Open Bug 949564 Opened 11 years ago Updated 4 months ago

Information about supported ciphers and preference order (about:cipher)

Categories

(Firefox :: Security, enhancement)

enhancement

Tracking

()

People

(Reporter: micmon, Unassigned)

Details

There should be a way to get information about the supported ciphers (and preference order) of the running Firefox build. I was thinking about a simple about: page like "about:cipher" which just lists the supported cipher suits in OpenSSL format. Why is this information important? Right now it is very hard to find out which cipher suits a given version of Firefox is supposed to support (if there already is a way to get this information please tell me). This information is very useful when choosing cipher suits on the server side.
see also, just wondered why aes128 were preferred of aes256 ? Some links illustrating the reasoning behind: - http://www.mail-archive.com/dev-tech-crypto@lists.mozilla.org/msg11247.html - https://briansmith.org/browser-ciphersuites-01.html - https://wiki.mozilla.org/Security/Server_Side_TLS I still would like to be able to see what order my current v35.0.1 firefox uses without going to the program sources... see also bug 430875
You should be able to find that information by doing a client ssl check on ssllabs.com: https://www.ssllabs.com/ssltest/viewMyClient.html
Good to have a third party providing that info!

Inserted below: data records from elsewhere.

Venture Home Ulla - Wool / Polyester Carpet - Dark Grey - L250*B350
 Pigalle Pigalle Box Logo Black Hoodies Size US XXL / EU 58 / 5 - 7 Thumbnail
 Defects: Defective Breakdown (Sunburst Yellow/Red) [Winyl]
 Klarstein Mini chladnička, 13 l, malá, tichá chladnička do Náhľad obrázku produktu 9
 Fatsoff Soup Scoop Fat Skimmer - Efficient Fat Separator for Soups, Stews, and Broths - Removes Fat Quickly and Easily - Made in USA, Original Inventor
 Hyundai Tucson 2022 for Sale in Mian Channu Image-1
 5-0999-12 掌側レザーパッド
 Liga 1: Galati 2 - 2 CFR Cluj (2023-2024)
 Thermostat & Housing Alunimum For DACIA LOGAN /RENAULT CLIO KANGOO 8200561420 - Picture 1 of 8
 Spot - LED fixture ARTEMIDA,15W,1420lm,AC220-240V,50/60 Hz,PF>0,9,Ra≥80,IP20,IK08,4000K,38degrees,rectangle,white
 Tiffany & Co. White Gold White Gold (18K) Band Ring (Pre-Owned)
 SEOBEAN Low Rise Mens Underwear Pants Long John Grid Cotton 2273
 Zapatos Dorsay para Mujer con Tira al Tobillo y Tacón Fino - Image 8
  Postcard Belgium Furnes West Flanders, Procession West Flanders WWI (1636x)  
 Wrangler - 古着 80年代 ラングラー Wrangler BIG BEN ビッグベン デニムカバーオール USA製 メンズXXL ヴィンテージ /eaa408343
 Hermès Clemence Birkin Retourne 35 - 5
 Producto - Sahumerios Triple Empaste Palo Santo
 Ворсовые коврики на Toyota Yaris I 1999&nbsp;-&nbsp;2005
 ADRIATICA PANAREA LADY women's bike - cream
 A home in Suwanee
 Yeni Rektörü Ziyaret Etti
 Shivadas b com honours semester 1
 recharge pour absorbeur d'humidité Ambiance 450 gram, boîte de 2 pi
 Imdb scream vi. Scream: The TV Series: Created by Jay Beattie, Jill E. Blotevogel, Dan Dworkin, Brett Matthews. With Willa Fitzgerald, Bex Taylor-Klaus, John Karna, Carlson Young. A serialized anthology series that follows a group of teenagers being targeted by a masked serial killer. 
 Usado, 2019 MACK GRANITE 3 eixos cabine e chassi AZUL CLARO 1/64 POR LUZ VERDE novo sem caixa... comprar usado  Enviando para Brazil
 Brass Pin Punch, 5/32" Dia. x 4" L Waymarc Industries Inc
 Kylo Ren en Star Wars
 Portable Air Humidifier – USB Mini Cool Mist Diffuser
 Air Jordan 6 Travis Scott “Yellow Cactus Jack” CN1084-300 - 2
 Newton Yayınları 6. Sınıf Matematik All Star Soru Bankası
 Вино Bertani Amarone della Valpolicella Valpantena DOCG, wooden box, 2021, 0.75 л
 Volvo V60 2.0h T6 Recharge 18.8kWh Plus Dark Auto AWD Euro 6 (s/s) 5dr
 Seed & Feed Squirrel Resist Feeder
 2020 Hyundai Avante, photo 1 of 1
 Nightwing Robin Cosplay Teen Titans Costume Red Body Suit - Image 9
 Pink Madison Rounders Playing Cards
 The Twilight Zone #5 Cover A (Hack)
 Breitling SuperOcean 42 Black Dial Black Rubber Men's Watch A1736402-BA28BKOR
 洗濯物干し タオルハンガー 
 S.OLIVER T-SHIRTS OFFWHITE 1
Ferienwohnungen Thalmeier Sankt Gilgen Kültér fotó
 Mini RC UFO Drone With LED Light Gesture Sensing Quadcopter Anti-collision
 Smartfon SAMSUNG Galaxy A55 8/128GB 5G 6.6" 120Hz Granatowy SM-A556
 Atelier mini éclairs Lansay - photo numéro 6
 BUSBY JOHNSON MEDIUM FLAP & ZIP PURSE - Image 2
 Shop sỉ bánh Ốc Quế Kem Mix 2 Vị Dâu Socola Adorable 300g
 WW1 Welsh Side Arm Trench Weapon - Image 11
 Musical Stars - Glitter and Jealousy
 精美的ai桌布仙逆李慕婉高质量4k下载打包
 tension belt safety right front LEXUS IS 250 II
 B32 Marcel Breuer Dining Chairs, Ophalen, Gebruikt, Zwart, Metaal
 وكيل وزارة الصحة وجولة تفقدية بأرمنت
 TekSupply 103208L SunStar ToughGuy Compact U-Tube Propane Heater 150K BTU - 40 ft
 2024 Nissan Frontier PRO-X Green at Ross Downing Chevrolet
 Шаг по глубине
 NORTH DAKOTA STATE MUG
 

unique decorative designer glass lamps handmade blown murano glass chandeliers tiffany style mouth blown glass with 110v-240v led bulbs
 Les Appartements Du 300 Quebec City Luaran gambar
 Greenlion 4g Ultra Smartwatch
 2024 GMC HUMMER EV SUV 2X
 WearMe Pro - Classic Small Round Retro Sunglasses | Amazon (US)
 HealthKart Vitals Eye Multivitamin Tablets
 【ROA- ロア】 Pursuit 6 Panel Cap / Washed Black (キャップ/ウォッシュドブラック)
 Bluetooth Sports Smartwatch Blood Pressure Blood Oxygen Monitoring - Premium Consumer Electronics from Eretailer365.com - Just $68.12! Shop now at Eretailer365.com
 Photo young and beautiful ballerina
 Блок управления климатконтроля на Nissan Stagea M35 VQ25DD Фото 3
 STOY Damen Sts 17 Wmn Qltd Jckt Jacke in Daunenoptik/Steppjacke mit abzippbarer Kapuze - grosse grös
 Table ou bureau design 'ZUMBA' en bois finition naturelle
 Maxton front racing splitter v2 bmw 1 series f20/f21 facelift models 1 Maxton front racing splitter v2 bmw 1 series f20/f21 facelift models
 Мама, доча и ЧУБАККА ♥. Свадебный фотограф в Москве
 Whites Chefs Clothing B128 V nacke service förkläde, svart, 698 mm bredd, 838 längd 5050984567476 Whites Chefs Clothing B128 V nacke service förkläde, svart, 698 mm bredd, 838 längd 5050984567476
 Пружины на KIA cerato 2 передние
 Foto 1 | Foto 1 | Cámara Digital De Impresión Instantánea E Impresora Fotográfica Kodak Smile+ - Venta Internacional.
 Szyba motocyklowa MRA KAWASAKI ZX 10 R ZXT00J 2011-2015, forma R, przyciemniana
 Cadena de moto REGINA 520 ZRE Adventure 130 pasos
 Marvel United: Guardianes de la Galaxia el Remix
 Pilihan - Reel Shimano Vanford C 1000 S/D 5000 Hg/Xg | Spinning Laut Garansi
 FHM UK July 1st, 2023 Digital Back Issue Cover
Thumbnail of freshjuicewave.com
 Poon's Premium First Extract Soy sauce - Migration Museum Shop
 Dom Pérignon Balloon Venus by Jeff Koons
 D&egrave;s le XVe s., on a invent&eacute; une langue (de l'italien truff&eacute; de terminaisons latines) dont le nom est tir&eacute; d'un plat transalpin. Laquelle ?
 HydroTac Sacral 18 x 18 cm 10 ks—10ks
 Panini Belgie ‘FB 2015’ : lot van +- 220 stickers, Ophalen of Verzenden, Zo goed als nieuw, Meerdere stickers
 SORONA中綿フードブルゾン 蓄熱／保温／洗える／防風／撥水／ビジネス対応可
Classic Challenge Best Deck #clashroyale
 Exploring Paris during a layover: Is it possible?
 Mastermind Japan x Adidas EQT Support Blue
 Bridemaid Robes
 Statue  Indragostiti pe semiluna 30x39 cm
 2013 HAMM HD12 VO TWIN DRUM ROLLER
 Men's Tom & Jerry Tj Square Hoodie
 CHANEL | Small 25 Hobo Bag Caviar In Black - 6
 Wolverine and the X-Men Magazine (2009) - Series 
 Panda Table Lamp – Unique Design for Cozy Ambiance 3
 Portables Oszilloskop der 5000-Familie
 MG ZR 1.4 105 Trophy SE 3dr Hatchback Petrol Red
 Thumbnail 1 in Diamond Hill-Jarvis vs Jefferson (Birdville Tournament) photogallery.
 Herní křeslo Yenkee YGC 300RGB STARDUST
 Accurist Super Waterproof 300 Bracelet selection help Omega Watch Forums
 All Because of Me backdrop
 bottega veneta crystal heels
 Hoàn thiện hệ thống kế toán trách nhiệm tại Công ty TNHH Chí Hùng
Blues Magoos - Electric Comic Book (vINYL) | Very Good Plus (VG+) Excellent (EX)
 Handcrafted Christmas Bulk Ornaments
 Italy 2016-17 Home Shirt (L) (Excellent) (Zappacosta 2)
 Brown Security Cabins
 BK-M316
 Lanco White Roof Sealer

Since I have no clue who is running that site and how reliable they are, I still prefer *my* browser-client of choice to convey that info directly to me. Anyway, ssllabs appears to be "good" for now and it hints at TLS_ECDHE_ECDSA_WITH_AES_128_GCM_SHA256 currently being the favourite with firefox and chrome (https://code.google.com/p/chromium/issues/detail?id=442572 and https://code.google.com/p/chromium/issues/detail?id=58833) Microsoft on the contrary prefers AES256 since april 2014 as per https://support.microsoft.com/kb/2929781
Since there are multiple other trustworthy third-parties providing that information [1][2], I really don't think it's necessary to have a dedicated about:ciphers page for that. Btw i.a. Qualys is the security company that found the 14y/o GHOST vulnerability that is currently keeping the internet on fire[3]. [1] https://www.howsmyssl.com/ [2] https://cc.dcsec.uni-hannover.de/ [3] https://www.istheinternetonfire.com/
see also Bug 1126830
You can see the enabled ciphers by searching for "ssl3" in "about:config" as per attachment 8556893 [details] - just the apparently often server-ignored preference order is not visible with that.